What follows below is a brief description to get started.
All datasets are present in the Data/ folder. The filenames have to .npy formats, and the names of the files have to be in the form datasetname_dataset_condition(x).npy. The x stands for a number to indicate multiple conditions of the same experimental setup that you would like to try. For example, we use Condition 0 as the control, Condition 1 as the experiment. You can in addition use many conditions. Each condition dataset should be a matrix of the form nbouts x nfeatures. In addition you will need a lengths file named as datasetname_lengths_condition(x).npy. These are used if your dataset has subsets, like multiple recordings, different trajectories etc.
For eg. if you had a dataset for the control setting with 10 recordings, datasetname_lengths_condition0.npy will be an array with 10 elements, where each element is the number of bouts in that recording. datasetname_dataset_condition0.npy will have all the bouts in all the recordings as a matrix as mentioned above.
4 scripts are present in the main folder along with 2 jupyter notebooks.

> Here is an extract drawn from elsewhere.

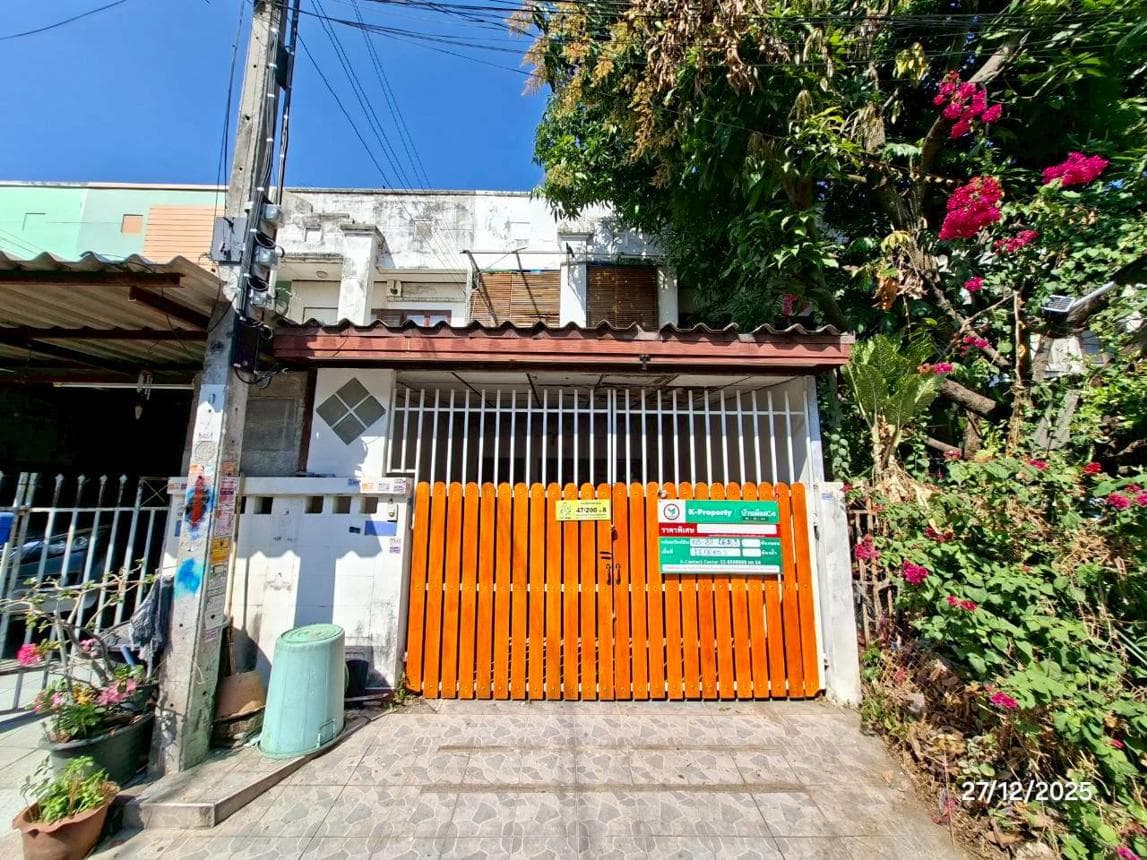 ทาวน์โฮม 2 ชั้น หมู่บ้านร่มเงาไม้ (Rom Ngao Mai) บางคูรัด บางบัวทอง พื้นที่ใช้สอยคุ้มค่า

The ideal work flow is as follow -
- python learn_gmm.py -c 0 1 2 (and so on) - The GMM can be learnt on different conditions as the same time.
Use Analyze_GMM notebook now in order to analyze your GMM and the bout types
- python run_bass.py -c 0 - BASS must be run separately on different conditions
- python compare_datasets.py -cn 0 -ch 1 - Find the enriched motifs in one condition over another
- python decode.py -c 0 - Label the motifs in your dataset after the dictionary is found
Use Analyze_decoded in order to analyze your recordings and validating the sequences found using compare_datasets.py
For all the scripts, there are multiple options other than -c that can be added. In order to check the options, use python script_name.py --help
For each new application, a `soft’ clustering model has to be specified using a GMM.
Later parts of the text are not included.